For open mic session number one, I choose to take a look at a couple of projects produced by the Labyrinth Project, a branch of the Institute for Multimedia Literacy.

The Dawn at My Back DVD-ROM
Memoir of a Black Texas Upbringing, An Interactive Cultural History
By Carroll Parrott Blue and The Labyrinth Project
I really liked this piece, which explores the filmmakers’ relationship with her mother during their years together in Houston, Texas.
The interactive documentary gives the audience a chance to experience the segregated south through contemporary interviews, still photos and moving image archive.
Of particular interest the documentary includes two highly memorable sequences: one dealing with the KKK; the other a lynching. It’s also worth noting that the use of panorama images was a great way to bury hidden treasures for additional archival and interview bits.

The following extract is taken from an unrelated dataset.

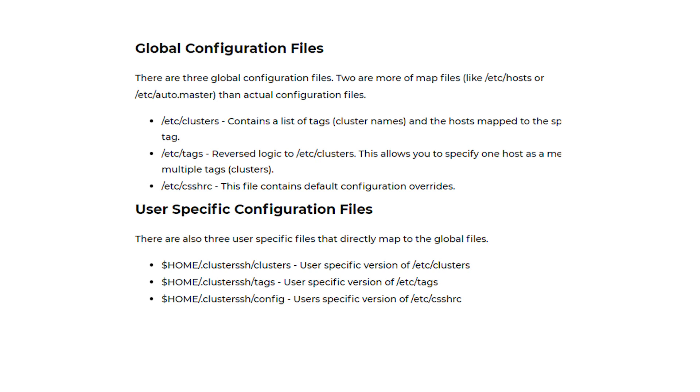Cluster SSH can be configured through its global configuration files or user specific configuration files. Both files use the same format. The only difference is one affects all users and the other is specific to one user. For this tutorial we will be making all changes to the user configurations.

Finally, just wanted to mention that much of the design of this project was done by Kristy Kang, who is certainly a talented graphic and interactive designer who truly makes this experience a fantastic one.

Norman Klein: Bleeding Through--Layers of Los Angeles, 1920-1986 DVD-ROM
By Rosemary Comella, Andreas Kratky, Norman M. Klein
This interactive narrative combines a database detective story with a digital city symphony and a meta-narrative reflection on storytelling in this new medium. Set in a three-mile radius near downtown Los Angeles, this DVD-ROM explores Boyle Heights, Bunker Hill, Chavez Ravine, Chinatown, Echo Park, Little Tokyo and other contested locations that helped shape the city’s cultural history.
These ethnically complex neighborhoods are documented through archival photographs and films and through contemporary images that either reproduce or evoke them.
While I also found this to be an eloquent piece of work, and I absolutely loved the incorporation of various silent films, I found myself being troubled by many elements of the design.
Of particular note was the way the interviews were incorporated. In fact, I only remember seeing one interview and it was crammed at the top of the screen. Because the rest of the DVD was arranged to beautifully, it was truly a disservice that the interviewees seemed so out of place.
I thought the piece was highly informative, provocative and fresh, though I wish that it could be more cinematic in terms of the way the information was relayed. Something also left me wanting the piece to have a more traditional documentary feel, particularly with respect to incorporating multiple points of view.